No one was going to be shooting any free throw fouls and she bumped hard as she worked in, pushing him back with her ass and shoulder, telling him something more about her and her style. She wasn’t shy with her elbows either and rode a hand on him, pushing back whenever he dribbled across the key and in. He spun, came up, and bounced one off the glass and the rim as she pushed him and he landed hard.
‘Is that how they played in your league?’ he asked, and got a grim smile as she dribbled at the top of the key and broke around him again.
‘There need to be more women on the homicide detail,’ she said as her shot dropped, and then added, ‘Three isn’t enough. The change is too slow. It needs to happen faster.’
‘That would mean a bigger department and they’re not hiring right now. They’re talking but not hiring.’
‘Maybe some people need to retire.’
‘Yeah, who do you have in mind?’
‘It’s about old boy networks and prejudices. It’s time to change.’
‘I don’t know about any network.’
‘It’s men looking out for men. Time for change.’
Raveneau was one of these guys who once he got warmed up, stayed that way. He’d always been like that and was down about ten pounds since the blood pressure scare with the doctor. He wasn’t carrying much fat but he wasn’t fit the way he should be either. A crease of sweat formed center of his chest, then his back, and she didn’t shy away from his sweat-soaked back either. Her hand was right there, pushing hard against him, tips of her fingers digging in and nothing sexual in it; la Rosa fighting him as he worked his way in and got two points.
She checked the ball. He shot from the top of the key and swished it. She checked the ball back to him and he scored twice, before she picked up a rebound and he got to meet the real Elizabeth la Rosa.

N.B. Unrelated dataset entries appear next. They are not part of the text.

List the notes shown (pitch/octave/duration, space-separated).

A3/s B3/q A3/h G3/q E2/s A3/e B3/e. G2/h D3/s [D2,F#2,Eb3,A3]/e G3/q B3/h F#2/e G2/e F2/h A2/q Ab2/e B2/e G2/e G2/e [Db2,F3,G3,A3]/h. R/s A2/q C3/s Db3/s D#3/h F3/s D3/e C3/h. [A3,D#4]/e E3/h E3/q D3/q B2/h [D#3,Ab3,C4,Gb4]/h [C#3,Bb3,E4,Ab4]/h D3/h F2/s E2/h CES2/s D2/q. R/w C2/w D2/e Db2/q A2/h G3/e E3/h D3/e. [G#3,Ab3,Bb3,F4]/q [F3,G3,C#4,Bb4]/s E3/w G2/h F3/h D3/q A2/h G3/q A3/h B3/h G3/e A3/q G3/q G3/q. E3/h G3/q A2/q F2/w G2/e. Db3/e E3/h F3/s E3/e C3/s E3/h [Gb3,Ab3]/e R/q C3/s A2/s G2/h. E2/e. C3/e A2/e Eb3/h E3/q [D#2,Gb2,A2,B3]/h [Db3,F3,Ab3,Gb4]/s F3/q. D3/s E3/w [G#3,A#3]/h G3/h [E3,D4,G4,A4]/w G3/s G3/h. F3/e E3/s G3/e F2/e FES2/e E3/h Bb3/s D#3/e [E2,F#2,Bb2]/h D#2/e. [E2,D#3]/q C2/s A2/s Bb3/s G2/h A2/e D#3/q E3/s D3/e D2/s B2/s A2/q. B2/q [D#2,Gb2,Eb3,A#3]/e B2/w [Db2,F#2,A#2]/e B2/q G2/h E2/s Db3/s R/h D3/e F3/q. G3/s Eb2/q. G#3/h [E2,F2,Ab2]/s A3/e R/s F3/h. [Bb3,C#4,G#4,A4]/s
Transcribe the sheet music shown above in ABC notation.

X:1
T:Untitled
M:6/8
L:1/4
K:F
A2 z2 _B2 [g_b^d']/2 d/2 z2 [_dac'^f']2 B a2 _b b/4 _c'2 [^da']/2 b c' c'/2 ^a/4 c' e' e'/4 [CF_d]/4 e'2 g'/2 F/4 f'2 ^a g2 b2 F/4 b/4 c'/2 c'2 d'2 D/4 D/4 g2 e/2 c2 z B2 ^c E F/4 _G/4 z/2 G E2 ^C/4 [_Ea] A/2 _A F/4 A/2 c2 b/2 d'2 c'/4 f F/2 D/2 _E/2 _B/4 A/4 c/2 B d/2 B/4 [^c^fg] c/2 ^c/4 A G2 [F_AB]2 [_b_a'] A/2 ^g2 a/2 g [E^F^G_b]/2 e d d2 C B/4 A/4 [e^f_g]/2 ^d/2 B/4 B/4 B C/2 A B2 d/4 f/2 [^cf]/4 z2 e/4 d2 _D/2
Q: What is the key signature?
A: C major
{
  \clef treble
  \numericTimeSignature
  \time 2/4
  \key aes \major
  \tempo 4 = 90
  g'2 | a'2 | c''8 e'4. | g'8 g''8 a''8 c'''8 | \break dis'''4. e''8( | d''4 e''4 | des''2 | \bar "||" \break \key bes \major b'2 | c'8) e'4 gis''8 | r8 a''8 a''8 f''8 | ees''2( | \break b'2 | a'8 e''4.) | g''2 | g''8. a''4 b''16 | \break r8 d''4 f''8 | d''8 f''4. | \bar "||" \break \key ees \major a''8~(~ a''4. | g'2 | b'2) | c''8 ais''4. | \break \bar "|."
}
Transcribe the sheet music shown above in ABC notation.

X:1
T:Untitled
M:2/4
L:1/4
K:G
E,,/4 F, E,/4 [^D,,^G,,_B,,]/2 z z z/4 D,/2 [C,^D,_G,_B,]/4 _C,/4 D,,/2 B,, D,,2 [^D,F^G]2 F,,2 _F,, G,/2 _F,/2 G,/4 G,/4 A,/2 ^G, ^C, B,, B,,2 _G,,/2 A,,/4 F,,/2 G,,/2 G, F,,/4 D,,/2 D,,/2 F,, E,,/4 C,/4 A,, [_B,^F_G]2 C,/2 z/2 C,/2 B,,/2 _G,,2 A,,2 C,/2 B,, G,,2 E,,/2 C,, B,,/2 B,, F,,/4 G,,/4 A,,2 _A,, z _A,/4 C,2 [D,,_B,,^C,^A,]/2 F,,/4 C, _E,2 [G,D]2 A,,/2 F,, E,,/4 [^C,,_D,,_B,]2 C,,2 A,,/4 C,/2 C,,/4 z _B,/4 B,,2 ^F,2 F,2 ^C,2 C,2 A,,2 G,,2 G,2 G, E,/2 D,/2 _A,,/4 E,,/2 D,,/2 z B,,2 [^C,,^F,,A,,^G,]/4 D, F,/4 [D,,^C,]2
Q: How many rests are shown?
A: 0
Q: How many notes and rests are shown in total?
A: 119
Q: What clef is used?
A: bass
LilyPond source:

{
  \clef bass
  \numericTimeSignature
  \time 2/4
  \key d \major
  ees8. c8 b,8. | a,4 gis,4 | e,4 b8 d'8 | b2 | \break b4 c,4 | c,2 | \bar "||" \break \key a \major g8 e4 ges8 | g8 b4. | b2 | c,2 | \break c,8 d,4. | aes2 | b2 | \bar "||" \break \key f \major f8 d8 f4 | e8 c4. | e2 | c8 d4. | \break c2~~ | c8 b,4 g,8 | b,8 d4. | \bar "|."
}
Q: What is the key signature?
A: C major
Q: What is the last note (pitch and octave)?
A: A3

She didn’t back into him this time. She dropped a shoulder and drove past on his left, and when he fouled her as she went up and said, ‘Sorry,’ because he’d caught her pretty good and hadn’t meant to, she said, ‘My ball,’ took it to the top of the key and started in, faked the same move, spun, went around him, her knees grazing his belly as she put it in.
When they started out they said, five games, and when she won four in a row and lost the last one, she wouldn’t quit until they’d played another. His T-shirt was sweat-soaked and her cheeks and forehead were shiny, and sweat ran down from the damp hair at her temples. She wasn’t big or tall, five nine, maybe one forty-five, but she was agile and quick and graceful, until fatigue caught her in the last game.
Raveneau dropped four shots in a row and took an early lead. That just made her angry. She got angry and he got faster. She wanted the last game, wanted to show him up, show him what basketball training and an eighteen year advantage in age was worth, but if Raveneau was anything he was tough when it mattered and now he wanted the game. Maybe his hair was salt and pepper, but he wasn’t an old man and he wasn’t moving out or away just at the age when he was finally getting good at his job.
He fell behind. For five games in a row she ran the same move and now finally he smoked the ball out of her hands as she went up. Next play he got the ball back and she was in his face saying, ‘Nice play, but now you’re going to have to get around me and score, or take another chance with that goofy-foot jumper of yours.’
Raveneau didn’t answer, knew she was just waiting for a chance to steal the ball back, and she slapped at it now and almost knocked it loose, and then he was on the move. When she cut off the inside lane he tried a hook shot, some throwback to an era before la Rosa had been born. It hit the backboard and went in.